=== Begin Enclosure ===

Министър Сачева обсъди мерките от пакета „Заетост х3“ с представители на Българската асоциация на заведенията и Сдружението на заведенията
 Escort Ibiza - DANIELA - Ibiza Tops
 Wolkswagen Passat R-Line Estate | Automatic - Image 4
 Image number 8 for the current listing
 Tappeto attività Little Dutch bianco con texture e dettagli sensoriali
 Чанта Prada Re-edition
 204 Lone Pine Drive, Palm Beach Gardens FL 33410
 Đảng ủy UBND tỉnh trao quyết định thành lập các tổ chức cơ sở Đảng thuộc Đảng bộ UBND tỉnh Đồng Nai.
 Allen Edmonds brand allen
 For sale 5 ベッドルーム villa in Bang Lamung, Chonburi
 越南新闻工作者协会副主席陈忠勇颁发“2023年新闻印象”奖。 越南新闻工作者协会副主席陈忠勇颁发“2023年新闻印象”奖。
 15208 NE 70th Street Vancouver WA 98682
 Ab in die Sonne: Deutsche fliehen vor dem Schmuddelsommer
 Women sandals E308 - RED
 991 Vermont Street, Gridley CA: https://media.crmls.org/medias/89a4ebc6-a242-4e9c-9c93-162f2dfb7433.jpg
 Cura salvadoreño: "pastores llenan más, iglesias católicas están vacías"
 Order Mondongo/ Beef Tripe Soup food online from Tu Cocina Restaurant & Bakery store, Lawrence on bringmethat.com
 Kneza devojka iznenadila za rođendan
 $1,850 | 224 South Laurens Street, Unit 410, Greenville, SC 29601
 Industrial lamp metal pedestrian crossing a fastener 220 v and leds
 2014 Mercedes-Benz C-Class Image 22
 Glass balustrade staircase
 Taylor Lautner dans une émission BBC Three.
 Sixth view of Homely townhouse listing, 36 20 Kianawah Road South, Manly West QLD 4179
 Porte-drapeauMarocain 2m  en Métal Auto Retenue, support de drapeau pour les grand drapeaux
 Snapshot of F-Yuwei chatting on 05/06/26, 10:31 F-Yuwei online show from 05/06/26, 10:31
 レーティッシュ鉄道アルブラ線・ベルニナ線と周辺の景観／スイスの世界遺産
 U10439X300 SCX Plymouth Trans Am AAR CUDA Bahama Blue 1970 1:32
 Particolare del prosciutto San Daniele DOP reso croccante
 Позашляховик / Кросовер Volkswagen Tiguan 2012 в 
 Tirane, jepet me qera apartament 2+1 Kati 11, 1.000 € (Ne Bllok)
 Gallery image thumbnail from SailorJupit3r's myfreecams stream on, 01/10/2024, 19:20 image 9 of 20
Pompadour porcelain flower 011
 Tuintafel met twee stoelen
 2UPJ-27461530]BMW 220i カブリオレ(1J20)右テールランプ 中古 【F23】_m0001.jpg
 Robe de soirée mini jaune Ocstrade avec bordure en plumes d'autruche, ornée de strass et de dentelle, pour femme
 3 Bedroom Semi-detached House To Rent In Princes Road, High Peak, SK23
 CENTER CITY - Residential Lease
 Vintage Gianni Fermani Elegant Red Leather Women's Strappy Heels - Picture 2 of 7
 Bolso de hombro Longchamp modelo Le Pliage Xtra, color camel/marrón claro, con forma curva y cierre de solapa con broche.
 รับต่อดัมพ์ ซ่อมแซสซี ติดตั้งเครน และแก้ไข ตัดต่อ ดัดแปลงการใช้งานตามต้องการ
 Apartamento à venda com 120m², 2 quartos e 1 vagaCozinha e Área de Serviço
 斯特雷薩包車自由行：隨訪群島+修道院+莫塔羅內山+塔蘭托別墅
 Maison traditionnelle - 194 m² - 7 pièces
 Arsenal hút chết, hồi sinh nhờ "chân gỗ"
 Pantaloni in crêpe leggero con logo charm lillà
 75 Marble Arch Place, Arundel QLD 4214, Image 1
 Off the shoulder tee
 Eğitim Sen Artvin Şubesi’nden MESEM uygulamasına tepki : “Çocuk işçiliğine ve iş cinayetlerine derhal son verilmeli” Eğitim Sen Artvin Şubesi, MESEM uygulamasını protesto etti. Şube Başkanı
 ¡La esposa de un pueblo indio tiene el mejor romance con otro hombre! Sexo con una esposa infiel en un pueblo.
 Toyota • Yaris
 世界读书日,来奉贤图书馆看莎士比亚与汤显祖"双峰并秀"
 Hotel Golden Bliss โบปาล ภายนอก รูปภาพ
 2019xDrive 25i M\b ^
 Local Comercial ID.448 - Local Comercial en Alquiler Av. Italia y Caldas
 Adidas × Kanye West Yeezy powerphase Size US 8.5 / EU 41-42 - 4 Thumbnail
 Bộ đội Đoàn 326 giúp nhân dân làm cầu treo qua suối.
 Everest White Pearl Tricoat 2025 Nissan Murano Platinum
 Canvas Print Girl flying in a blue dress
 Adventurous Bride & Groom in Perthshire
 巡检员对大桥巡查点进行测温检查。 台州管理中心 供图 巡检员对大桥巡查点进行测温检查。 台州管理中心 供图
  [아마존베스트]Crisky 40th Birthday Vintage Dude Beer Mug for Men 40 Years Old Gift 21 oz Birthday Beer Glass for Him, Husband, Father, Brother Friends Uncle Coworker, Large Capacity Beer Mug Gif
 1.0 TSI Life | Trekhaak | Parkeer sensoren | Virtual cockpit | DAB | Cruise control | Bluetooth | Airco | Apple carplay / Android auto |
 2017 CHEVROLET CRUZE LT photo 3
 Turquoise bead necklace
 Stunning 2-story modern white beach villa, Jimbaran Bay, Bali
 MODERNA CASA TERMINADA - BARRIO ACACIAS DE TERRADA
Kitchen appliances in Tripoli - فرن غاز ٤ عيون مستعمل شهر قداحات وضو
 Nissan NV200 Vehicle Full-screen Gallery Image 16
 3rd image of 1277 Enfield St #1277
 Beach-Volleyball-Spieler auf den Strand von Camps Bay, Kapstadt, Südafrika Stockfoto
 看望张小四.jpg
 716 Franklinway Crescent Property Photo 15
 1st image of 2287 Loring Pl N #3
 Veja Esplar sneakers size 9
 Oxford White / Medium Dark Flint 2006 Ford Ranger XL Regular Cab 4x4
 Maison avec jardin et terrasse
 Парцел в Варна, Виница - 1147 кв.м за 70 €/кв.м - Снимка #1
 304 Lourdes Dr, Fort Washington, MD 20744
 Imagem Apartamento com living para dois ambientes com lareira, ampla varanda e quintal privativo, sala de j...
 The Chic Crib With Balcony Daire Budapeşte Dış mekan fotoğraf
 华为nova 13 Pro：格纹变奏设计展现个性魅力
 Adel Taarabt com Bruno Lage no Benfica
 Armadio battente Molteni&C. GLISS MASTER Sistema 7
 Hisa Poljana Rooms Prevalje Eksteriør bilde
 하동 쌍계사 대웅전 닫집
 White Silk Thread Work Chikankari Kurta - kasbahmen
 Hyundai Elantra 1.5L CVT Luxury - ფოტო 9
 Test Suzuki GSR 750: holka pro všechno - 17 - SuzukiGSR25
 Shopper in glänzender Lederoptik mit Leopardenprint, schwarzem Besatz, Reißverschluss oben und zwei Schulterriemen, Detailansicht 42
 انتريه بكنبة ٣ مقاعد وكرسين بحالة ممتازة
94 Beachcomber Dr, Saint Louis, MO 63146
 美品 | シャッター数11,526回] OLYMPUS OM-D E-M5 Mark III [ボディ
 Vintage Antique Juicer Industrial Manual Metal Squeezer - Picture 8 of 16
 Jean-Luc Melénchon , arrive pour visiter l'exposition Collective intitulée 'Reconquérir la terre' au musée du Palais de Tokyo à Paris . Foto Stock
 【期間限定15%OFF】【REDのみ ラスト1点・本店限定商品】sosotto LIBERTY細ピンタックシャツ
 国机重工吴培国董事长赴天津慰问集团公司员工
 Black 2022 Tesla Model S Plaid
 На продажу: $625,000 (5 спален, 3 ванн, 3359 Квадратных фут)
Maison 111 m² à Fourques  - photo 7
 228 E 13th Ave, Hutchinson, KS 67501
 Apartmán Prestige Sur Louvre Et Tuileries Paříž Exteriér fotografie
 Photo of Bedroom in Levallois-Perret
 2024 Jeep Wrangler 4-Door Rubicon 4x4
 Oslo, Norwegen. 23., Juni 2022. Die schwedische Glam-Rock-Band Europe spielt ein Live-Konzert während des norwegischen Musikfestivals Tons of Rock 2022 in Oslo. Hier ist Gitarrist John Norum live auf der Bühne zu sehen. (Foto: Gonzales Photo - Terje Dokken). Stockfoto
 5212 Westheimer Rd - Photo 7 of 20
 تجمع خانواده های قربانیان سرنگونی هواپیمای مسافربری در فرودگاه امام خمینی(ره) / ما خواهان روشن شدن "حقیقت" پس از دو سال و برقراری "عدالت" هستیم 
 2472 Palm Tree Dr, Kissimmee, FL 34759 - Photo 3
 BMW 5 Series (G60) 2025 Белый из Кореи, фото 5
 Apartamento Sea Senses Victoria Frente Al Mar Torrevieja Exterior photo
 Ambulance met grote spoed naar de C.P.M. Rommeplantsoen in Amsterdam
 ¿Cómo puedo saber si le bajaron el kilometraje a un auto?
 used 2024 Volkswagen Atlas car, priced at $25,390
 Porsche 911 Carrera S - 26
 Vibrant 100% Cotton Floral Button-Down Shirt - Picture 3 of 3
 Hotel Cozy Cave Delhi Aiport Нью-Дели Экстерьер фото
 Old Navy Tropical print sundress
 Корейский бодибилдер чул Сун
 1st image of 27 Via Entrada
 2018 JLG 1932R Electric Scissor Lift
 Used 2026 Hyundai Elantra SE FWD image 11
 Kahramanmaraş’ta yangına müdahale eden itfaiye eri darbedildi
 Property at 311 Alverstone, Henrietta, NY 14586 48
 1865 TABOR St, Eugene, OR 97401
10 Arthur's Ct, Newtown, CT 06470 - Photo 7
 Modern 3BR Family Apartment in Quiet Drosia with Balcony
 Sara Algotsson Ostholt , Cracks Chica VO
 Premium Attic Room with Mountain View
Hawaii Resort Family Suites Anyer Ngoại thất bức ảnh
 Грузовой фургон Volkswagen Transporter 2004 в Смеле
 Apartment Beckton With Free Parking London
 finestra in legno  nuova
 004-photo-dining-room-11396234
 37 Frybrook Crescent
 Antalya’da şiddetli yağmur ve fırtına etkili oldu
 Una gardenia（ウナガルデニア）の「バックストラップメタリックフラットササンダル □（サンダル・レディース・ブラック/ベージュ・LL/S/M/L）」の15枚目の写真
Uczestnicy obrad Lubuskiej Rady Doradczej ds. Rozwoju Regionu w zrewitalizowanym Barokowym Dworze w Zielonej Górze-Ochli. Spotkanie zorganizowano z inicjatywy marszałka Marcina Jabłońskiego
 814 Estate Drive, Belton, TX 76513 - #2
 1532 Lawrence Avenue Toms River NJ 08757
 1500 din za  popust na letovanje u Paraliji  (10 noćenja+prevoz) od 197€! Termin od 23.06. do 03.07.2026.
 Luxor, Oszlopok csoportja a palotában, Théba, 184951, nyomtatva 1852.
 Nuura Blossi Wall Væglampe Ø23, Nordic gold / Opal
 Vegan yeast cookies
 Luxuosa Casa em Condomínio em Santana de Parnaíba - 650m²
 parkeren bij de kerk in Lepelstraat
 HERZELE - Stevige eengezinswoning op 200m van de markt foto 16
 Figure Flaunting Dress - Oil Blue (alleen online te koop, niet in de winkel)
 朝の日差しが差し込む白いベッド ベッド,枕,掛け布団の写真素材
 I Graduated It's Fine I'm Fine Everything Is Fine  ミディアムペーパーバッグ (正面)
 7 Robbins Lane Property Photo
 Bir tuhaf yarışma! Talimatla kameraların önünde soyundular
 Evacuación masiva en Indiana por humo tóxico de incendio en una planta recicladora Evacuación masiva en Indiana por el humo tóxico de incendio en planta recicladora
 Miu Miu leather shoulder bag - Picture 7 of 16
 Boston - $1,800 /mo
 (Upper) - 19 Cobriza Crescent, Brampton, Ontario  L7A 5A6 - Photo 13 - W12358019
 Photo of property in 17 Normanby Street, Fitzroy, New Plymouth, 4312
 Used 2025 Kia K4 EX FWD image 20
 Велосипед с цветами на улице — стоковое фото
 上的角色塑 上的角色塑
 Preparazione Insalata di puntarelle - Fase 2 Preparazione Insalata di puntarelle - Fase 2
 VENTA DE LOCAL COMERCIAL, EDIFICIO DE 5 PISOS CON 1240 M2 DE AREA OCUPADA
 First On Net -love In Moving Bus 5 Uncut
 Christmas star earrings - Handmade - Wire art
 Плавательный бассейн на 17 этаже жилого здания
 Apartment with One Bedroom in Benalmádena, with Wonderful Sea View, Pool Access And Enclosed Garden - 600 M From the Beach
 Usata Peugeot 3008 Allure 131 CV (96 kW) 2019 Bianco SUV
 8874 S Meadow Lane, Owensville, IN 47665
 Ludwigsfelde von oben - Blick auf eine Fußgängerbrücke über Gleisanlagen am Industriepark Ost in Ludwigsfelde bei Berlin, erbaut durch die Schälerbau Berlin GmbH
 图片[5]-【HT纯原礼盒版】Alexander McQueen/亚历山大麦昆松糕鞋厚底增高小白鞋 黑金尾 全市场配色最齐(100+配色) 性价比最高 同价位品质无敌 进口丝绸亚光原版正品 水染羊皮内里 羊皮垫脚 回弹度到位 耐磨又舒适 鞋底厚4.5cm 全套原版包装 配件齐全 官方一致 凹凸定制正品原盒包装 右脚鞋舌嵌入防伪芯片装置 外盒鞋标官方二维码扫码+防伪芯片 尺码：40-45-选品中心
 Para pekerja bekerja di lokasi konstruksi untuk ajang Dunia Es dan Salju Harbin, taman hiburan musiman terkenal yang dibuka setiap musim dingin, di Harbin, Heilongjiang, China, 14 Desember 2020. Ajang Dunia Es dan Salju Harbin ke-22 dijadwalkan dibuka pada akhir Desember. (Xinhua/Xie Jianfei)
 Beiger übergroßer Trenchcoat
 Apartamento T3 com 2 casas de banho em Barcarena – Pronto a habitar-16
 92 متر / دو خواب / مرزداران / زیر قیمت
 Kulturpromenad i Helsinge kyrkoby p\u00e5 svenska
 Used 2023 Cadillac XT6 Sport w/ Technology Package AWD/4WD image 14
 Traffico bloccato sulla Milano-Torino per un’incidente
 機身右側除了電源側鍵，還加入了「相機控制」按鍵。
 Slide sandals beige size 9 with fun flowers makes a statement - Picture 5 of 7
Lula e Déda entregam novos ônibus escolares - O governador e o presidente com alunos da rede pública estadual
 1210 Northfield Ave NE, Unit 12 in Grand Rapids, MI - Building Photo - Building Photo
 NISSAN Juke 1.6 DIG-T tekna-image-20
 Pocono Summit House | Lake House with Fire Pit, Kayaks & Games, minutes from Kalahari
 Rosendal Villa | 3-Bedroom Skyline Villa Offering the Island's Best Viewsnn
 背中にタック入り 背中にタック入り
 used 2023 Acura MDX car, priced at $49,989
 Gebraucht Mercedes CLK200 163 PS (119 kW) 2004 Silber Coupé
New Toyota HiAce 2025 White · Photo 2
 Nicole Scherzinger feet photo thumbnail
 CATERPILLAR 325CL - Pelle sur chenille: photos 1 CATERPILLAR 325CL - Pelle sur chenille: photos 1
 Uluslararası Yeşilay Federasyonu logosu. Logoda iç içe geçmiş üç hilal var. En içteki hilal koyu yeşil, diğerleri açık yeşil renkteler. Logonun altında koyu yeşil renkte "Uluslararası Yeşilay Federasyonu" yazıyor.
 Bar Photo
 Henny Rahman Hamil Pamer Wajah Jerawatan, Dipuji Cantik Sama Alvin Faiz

=== End Enclosure ===

Working from the data above, extract solely the lines from the one containing "Snapshot of F-Yuwei" through the one containing "Tirane, jepet me", exactly as they appear, both included.

 Snapshot of F-Yuwei chatting on 05/06/26, 10:31 F-Yuwei online show from 05/06/26, 10:31
 レーティッシュ鉄道アルブラ線・ベルニナ線と周辺の景観／スイスの世界遺産
 U10439X300 SCX Plymouth Trans Am AAR CUDA Bahama Blue 1970 1:32
 Particolare del prosciutto San Daniele DOP reso croccante
 Позашляховик / Кросовер Volkswagen Tiguan 2012 в 
 Tirane, jepet me qera apartament 2+1 Kati 11, 1.000 € (Ne Bllok)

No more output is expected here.